Re: tlb flush after each vm_exit, also virtual interrupts injection

[Date Prev][Date Next][Thread Prev][Thread Next][Date Index][Thread Index]

 



On Wed, Aug 3, 2016 at 6:56 PM, Paolo Bonzini <pbonzini@xxxxxxxxxx> wrote:
>
>
> On 03/08/2016 16:43, Charls D. Chap wrote:
>> On Tue, Aug 2, 2016 at 8:33 PM, Paolo Bonzini <pbonzini@xxxxxxxxxx> wrote:
>>>> 3) what is the mechanism of virtual interrupt injection
>>>> What is the mechanism that is used for a virtual interrupt injection,
>>>> in full virtualization?
>>>>
>>>> Host injects an interrupt to guest, HOW?  eg. hardware interrupt?
>>>> to which point of guest? guest complete_bh?
>>>
>>> Interrupt injections happens through ioctls on the KVM file descriptors
>>> (the CPU file descriptor for KVM_INTERRUPT, the VM file descriptors for others).
>>>
>>> ioctl                   when?                interrupt kind
>>> ------------------------------------------------------------------------
>>> KVM_INTERRUPT           i8259 in userspace   EXTINT
>>> KVM_SET_GSI_ROUTING     (always)             IOAPIC
>>> KVM_SIGNAL_MSI          (always)             MSI
>>> KVM_SET_GSI_ROUTING     (always)             MSI
>>> KVM_IRQFD                                    any that can use KVM_SET_GSI_ROUTING
>>>
>>> After KVM_SET_GSI_ROUTING, the host invokes another ioctl on the VM
>>> file descriptor (either KVM_IRQ_LINE or KVM_IRQ_LINE_STATUS) in order
>>> to trigger the interrupt.  In QEMU this corresponds to qemu_irq_raise,
>>> pci_set_irq or msi_notify.
>>>
>> What do you mean by "this corresponds",
>> There is an kvm_vcpu_ioctl from host kernel to guest?
>> or kvm_vcpu_ioct from host kernel, to host userspace (qemu) to guest??
>
> It's kvm_vcpu_ioctl or kvm_vm_ioctl, and it goes from host userspace to
> host kernel (ioctl is a syscall).  The ioctl is invoked when QEMU
> generates an interrupt with qemu_irq_raise (sometimes called directly,
> sometimes through pci_set_irq) or msi_notify.
>
>> Why not call directly  vcpu_enter_guest(struct kvm_vcpu *vcpu)
>> avoiding the switch to QEMU?
>
> Two reasons.  First, it's QEMU that wants to generate the interrupt.
> The ioctl or eventfd is how KVM receives the signal.
>
> For kernel event sources, those that are part of KVM such as i8254.c
> generate the interrupt through kvm_set_irq.  But this is the exception,
> not the rule.  In general, KVM wants to be self-contained and exposes
> interfaces to connect other parts of the kernel to KVM.  irqfd is the
> main such interface; it is used by both vhost and VFIO, for example.
>
>> So in the case of write I/O using virtio-blk dataplane=off
>> [...] What is going to happen after the host there is
>> the real I/O completion, the host complete bh is executed?  We go
>> through iothread to guest, in order to executte the
>> virtio-blk-complete request?
>

How did the control transfer to QEMU user space (and which thread is
running vcpu or worker)
->virtio_blk_device_realize
-> virtio_blk_req_complete
Was it the "real" interrupt for I/O completion from the device?

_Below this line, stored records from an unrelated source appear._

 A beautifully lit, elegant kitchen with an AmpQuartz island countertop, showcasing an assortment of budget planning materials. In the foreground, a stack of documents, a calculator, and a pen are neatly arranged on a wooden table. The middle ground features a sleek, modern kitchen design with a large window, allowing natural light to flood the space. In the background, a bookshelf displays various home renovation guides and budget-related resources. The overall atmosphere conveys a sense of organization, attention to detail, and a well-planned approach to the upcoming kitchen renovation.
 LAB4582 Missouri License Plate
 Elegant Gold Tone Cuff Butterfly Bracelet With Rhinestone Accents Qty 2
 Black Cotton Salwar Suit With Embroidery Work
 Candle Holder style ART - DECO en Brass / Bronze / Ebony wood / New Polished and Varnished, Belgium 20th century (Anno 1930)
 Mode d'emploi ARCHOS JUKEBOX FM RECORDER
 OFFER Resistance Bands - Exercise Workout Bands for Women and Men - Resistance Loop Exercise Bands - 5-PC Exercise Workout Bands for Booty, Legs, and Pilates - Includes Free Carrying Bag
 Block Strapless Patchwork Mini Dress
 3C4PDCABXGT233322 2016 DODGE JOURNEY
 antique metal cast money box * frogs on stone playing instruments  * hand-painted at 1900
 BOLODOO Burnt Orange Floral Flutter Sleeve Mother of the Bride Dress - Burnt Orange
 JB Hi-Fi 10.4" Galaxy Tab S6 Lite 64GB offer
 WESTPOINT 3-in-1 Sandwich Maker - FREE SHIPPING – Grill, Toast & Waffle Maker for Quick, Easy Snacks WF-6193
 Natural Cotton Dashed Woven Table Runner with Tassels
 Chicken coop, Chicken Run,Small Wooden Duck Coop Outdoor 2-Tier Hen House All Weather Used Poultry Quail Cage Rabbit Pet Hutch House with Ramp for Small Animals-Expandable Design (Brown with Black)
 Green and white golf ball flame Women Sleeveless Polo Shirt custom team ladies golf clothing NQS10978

Which qemu thread executes the code you mentioned?, vcpu or a
worker(iothread or main_loop)  When did iothread finish its work?




>   virtio_blk_req_complete
>   -> virtio_notify
>   -> virtio_pci_notify
>   -> either msix_notify or pci_set_irq
>
> The paths then are different.  Assuming you are using the kernel's LAPIC
> implementation (which has a QEMU "bridge" in hw/i386/kvm/apic.c), for
> msix_notify it goes like this:
>
>   msix_notify
>   -> msi_send_message
>   -> address_space_stl_le
>   -> ...
>   -> kvm_apic_mem_write
>   -> kvm_irqchip_send_msi
>   -> kvm_vm_ioctl
>
> while for pci_set_irq:
>
>   pci_set_irq
>   -> pci_irq_handler
>   -> pci_change_irq_level
>   -> piix3_set_irq
>   -> piix3_set_irq_level
>   -> piix3_set_irq_pic
>   -> qemu_set_irq(piix3->pic[pic_irq], ...)
>   -> kvm_pc_gsi_handler
>   -> qemu_set_irq(s->i8259_irq[n], ...)
>   -> kvm_pic_set_irq
>   -> kvm_set_irq
>   -> kvm_vm_ioctl
>
>> One last Question about vmentry and vmexit code, it seems to me that
>> vmentry and vm exit share the same asm block of code:
>> I can understand that in 8719 line, we switch to non-root guest mode
>> and the lines 8720 and below are not executed. Is this the vmentry?
>
> Yes, it's either line 8717 or line 8719.
>
>> And when a vmexit happens, the instructions from 8721 and below is the
>> vmexit part?
>> How did the context change?, i mean, which instruction, made the jump,
>> and now we are in this line "mov %0, %c[wordsize](%%" _ASM_SP ")
>> \n\t"?


I know that there are many exit reasons, but it's not clear to me
HOW exactly, transfer the control from the execution of one of these
instructions
to VMEXIT point which is "vmx_return: " _ASM_PTR " 2b \n\t"
Where does this extraction happened and we jumped to this label?
Is it inside of the corresponding ioctl implementation?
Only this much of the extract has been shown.